04-08-2015, 08:35 PM
(This post was last modified: 04-08-2015, 08:39 PM by SargeMaximus.)
(04-08-2015, 12:32 PM)Womanizer Wrote: As far as rejection is there really such thing. IL just laugh at it and joke about it.
Totally man. Today in sales I learned there are what's known as "smoke screens". That's when someone is being polite but basically telling you they aren't interested at all. You can't sell those, you just can't. Same with women.

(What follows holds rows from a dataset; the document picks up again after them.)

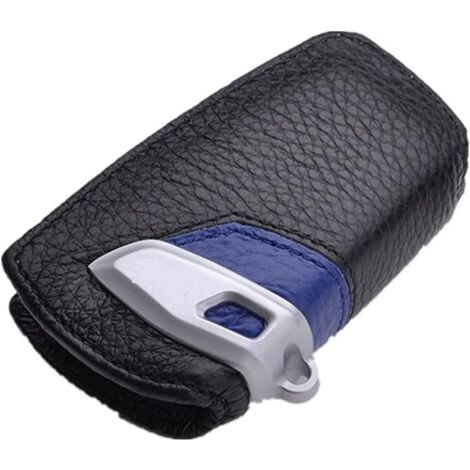 Housse Étui De Protection Pour Samsung Smart Tv Télécommande De La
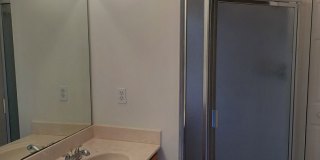 3/2.5 Townhouse in a Family Friendly Community with Amenities Galore Gallery 17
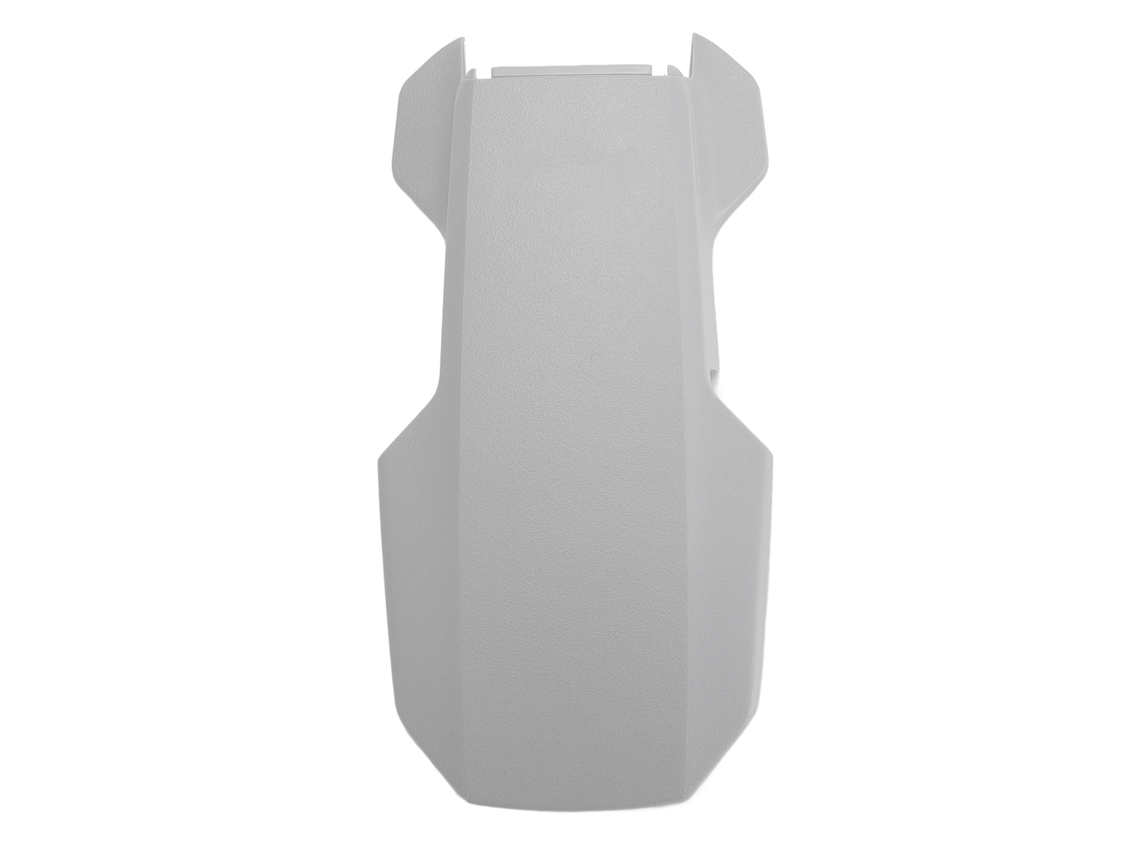 Capa de substituição para drone Mini 2 EOOCOO
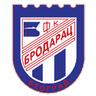 Brodarac logo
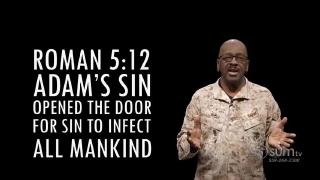 9:00pm-10:00pm (PDT)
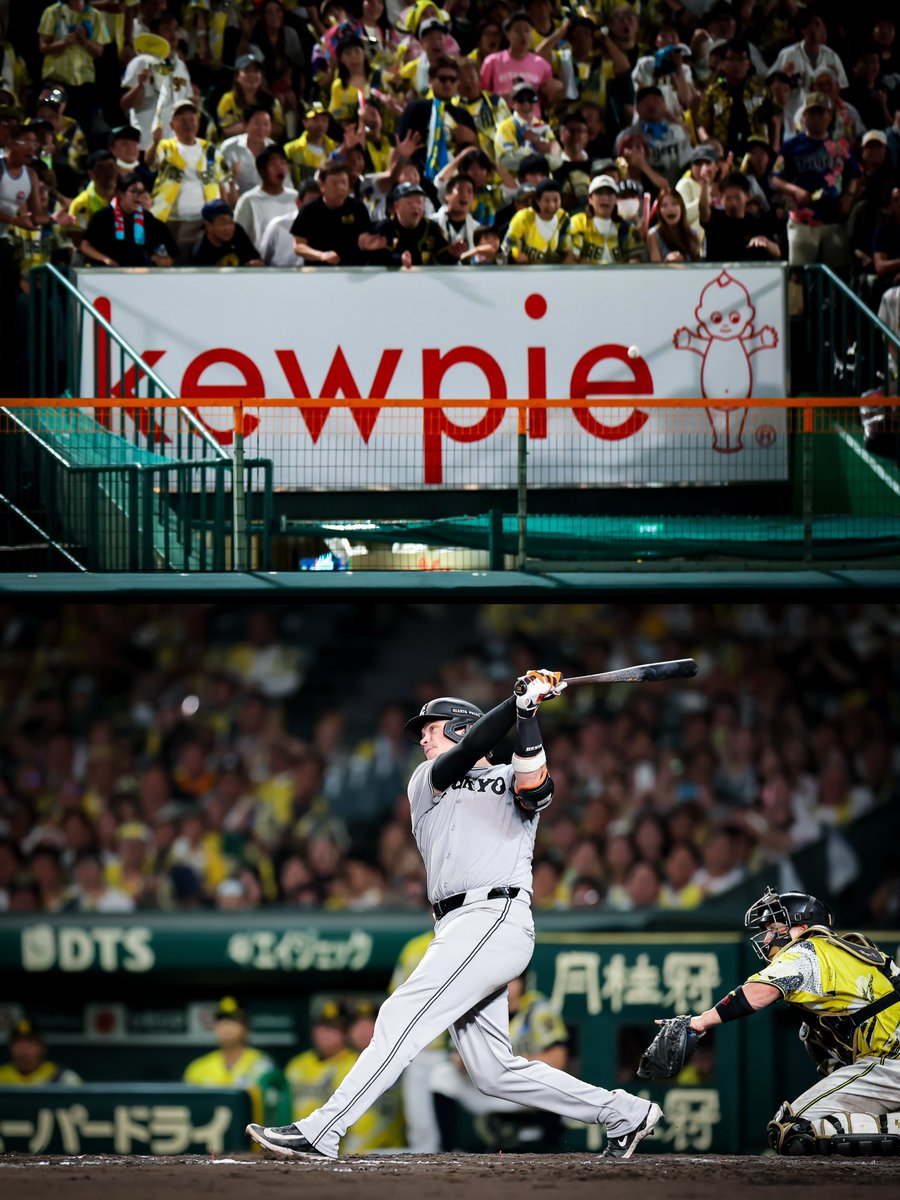 tkphoto1234's tweet photo. #ダルベック 💥 https://t.co/ZxIEVe6qcb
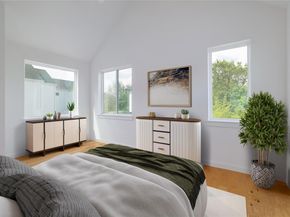 1192 Sarabeth WAY, Austin TX 78721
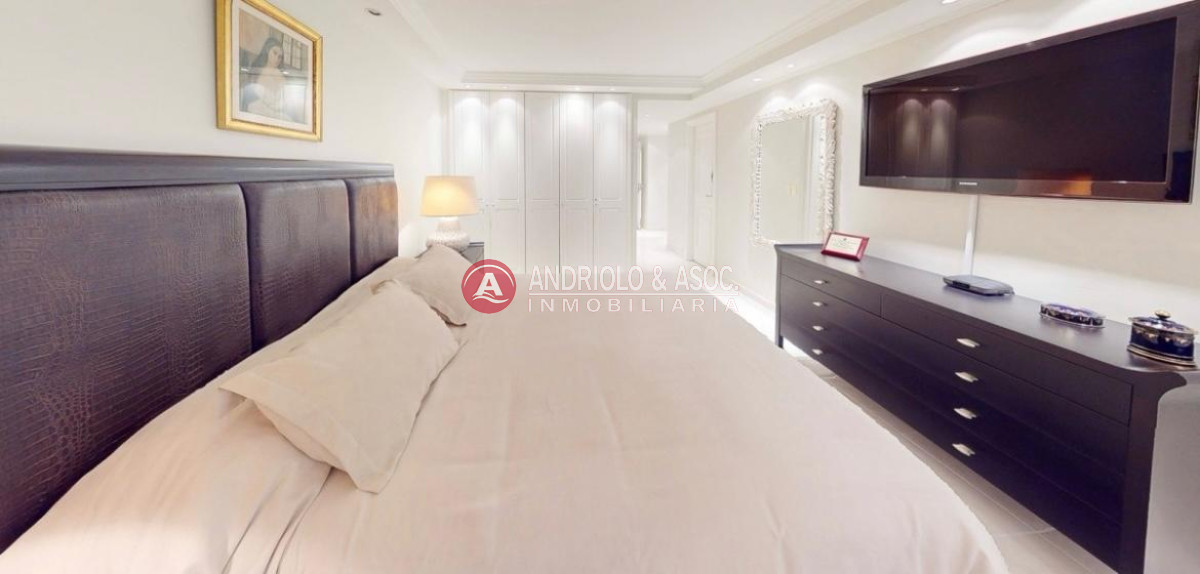Apartamento ID.9096 - Apartamento Punta del Este 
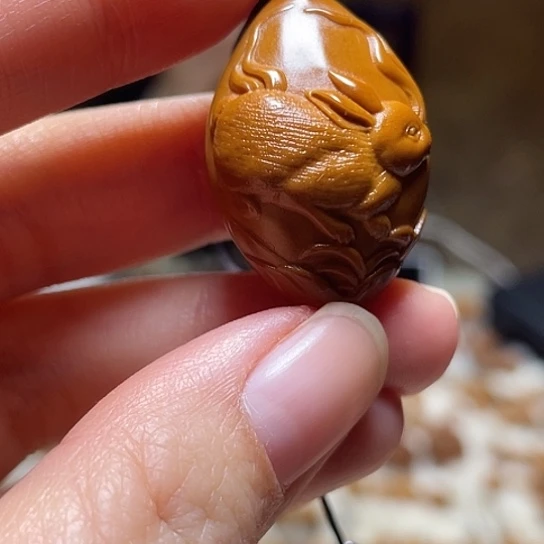 手串/手链橄榄核橄榄核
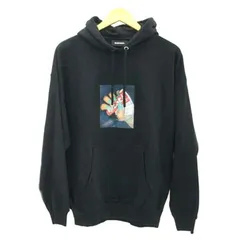 DIESEL S－UMMER－A84 SWEATSHIRT AO1864-OBAZC Sランク 81のサムネイル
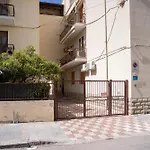 Nonna Rosas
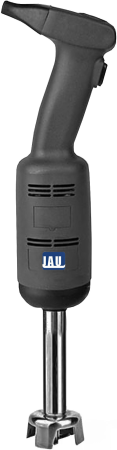 Миксер погружной JAU IB160 V.V. 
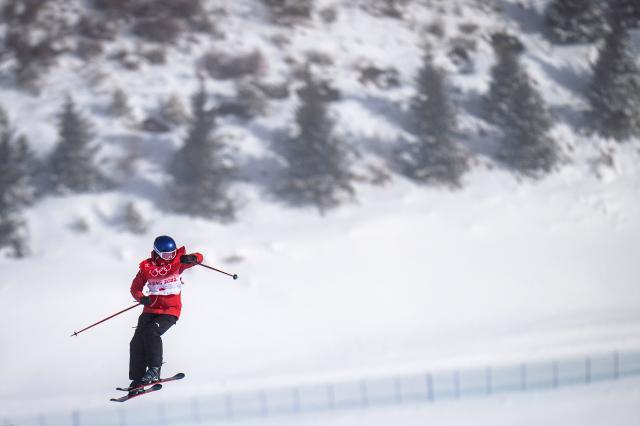 1645186803153078981.jpeg 620b44cff3e819096394d213.jpeg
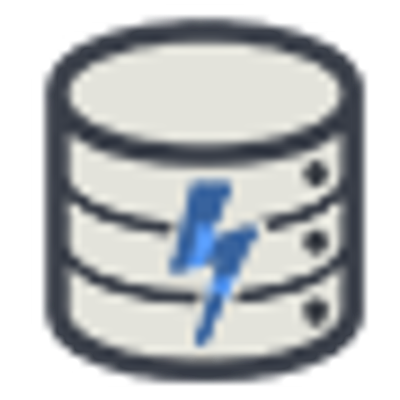 SQLBolt - Learn SQL - Introduction to SQL icon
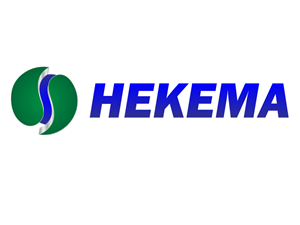 Logo Design by JohnM. for this project | Design: #342302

http://www.goodlookingloser.com/entry/sc...reen-girls


lol. Part of me is happy but the other is like "F" it. I have been messaging a solid of Mount of women on pof so you could say the sub pushed me towards that. I did get laid as well I been having sex with a friend of mine she's cute , but I want to meet different women. Also today marriage popped in my head I believe is because most males I have a conversation with seem to glorify marriage lol , maybe I'm old or I'm conversing with the wrong people. Idk . I'm not a big fan of marriage at least not yet, partially because I haven't meet anyone suitable. Which reminds me I'm having a hard time connecting with women online. Online dating is one of weakeness im more old school approach in person and see where it goes. Lately I have been seeing if I can push things between me and this cute Latina girl I have met. I have this strong intuition that she likes me and wants me , but social conditioning just seems too strong uhhhh it's annoying. Other then that just trying new things out , it feels like I have been reborn ; being a natural is definitely more fun and alot less pressure. I'm hoping the situation improves and I get to meet some kool attractive women I can connect with. Hopefully I can take things between me and that Latina women in a different direction which I am very skeptical about. Also the sub is making me more focused on making money and getting money . Perhaps because I've realized that women are not priority and that eating is and living a comfortable life is more important.
. In other news my online persistence finally paid off. Im meeting a woman next weekend and one tomorrow. My intention is just to make friends, getting laid is secondary like a bonus. My mentality now is less is more. I want to do less ,get more and stick with it. It's Kool how the sub makes sex be what sex is ,instead of this overly glorified act. Main goal right now is get in better shape and master online dating, I check my online dating profiles everyday now as a result of the sub. I don't go out much anymore not too look for woman. Maybe that will change hear shortly , time will tell.